9 Şubat 2010 Salı

KARABURUN, KARABURUN

Karaburun, Karaburun,
İki bakkal bir furun.
Yüzlerce yılık geçmişi ile taptaze Karaburun…
Gövdesi boğum boğum, bereket yüklü dalları türkuaz denize eğilmiş asırlık zeytin ağaçları şahittir bu geçmişe.
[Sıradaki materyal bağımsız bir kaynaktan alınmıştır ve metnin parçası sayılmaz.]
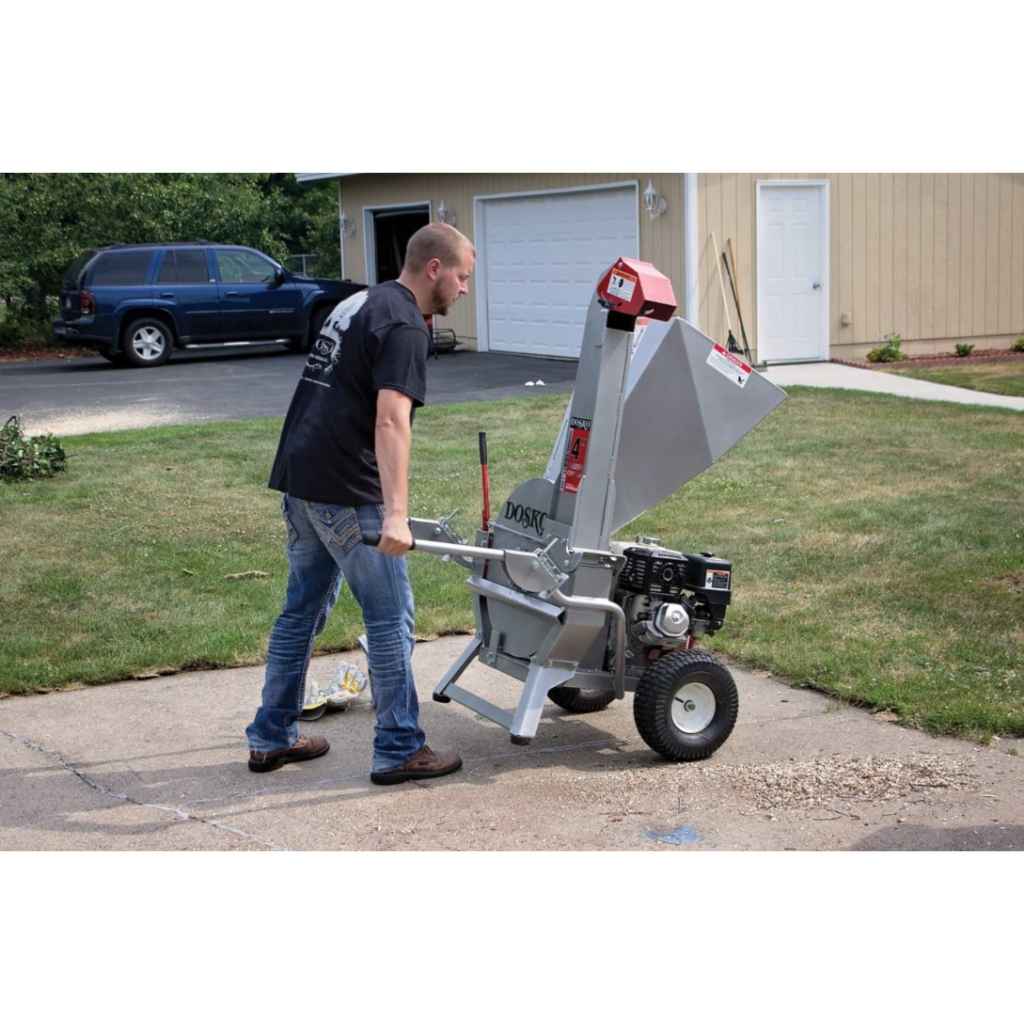 Man operating a dosko portable brush chipper on a driveway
Mordoğan köyündeki ya da Çatalkaya’daki koca çınar şahittir; eteğindeki pınarın gölcüğünde yüzünü yıkayan kendine hayran güzeller güzeli Narcissos’un Nergis çiçeğine dönüşmesine,
Manastır’daki sakız ağacı, Amberseki’deki ve Kaynarpınar’daki koca çınar, Azmaktaki ardıç şahittir; Yarin yanağından gayrı heryerde her şeyde hep beraber diyebilen dünyanın gerçek anlamda ilk komün sistemini kuran Şeyh Bedrettin müridi Dede Sultan Börklüce Mustafa’nın ve yoldaşlarının katline,
Denizgiren’deki koca çınar ve Sazak’taki koca yemiş şahittir; yıllarca kardeşçe yaşayan, acılarını ve Sevinçlerini paylaştıkları Rum komşularının yurtlarını terk edişlerine,
Onun içindir ki Denizgiren’deki koca çınar ve dahi Sazak’taki koca yemiş terk edilmişliğin hüznünü paylaşır Sazak’ta terk edilmiş evlerin duvarları ile.
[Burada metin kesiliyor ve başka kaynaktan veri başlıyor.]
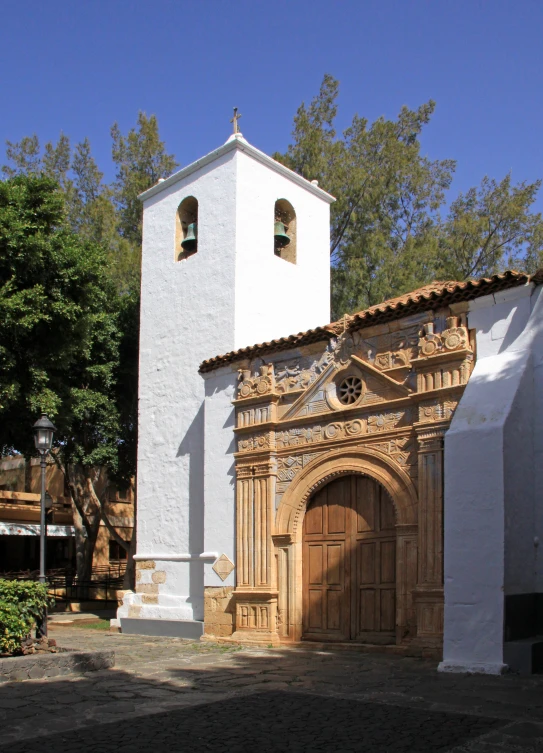 a white building with a brown door and two tall buildings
Ahırlı’daki gürgen ve meşe şahittir; 1946 daki depreme. O yıkımdan sonra İzmir ile arasındaki eşek yolu asfaltlanmış, Ahırlı ile Kömürburnu birleştirilip adı kömürün karasından menkul Karaburun ilçesi olmuştur.
Bahar bir başka gelir Karaburun’a. Önce payamlar ve erikler çiçeğe keser pembe beyaz. Ardından mor menekşeler ve laleler kaplar toprağı. Sonra sarı ve beyaz papatyalar sarar tarlaları daha sonra da kan kırmızı gelincikler.
Mayıs gelince katırtırnaklarının ve iğdelerin baygın kokusuna dağ kekiklerinin keskin kokusu karışır.
Bir yağmur geçer bulut bulut Değirmen tepenin çamlşarının önünden.
Ardından güneş açar ve hava mis gibi amber kokar, toprak kokar.